* [Exercise material]

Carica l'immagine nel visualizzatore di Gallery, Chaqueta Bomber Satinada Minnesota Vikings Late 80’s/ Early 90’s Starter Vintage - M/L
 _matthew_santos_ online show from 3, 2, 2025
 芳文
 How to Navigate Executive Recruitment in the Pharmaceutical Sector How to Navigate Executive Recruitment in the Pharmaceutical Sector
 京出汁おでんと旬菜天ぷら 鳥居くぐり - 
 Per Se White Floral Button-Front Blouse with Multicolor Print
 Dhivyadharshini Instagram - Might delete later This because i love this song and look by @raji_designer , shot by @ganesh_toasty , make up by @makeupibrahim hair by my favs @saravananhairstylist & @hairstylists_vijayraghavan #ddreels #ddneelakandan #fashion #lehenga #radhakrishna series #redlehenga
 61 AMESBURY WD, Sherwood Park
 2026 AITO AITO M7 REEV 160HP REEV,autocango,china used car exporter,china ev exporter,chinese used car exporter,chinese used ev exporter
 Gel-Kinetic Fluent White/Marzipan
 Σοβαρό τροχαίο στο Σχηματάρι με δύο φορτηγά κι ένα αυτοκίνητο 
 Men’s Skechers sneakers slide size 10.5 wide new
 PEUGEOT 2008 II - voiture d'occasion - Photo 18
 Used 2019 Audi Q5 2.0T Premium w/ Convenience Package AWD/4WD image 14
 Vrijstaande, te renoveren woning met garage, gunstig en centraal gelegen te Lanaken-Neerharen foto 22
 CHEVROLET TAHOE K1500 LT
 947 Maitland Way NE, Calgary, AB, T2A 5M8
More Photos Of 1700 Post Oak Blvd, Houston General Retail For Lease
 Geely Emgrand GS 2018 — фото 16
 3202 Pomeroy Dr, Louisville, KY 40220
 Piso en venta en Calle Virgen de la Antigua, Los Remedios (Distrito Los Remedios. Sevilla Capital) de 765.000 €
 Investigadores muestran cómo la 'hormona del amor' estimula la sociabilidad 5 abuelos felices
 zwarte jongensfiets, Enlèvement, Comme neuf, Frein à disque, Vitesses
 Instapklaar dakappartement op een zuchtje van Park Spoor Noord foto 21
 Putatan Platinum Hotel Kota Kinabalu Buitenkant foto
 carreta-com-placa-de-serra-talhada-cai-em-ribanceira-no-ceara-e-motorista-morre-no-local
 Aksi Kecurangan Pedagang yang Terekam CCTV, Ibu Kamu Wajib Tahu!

* [Goal of the exercise] Find the lines above that hold "White", then copy each of them.

* [Your response]
 Per Se White Floral Button-Front Blouse with Multicolor Print
 Gel-Kinetic Fluent White/Marzipan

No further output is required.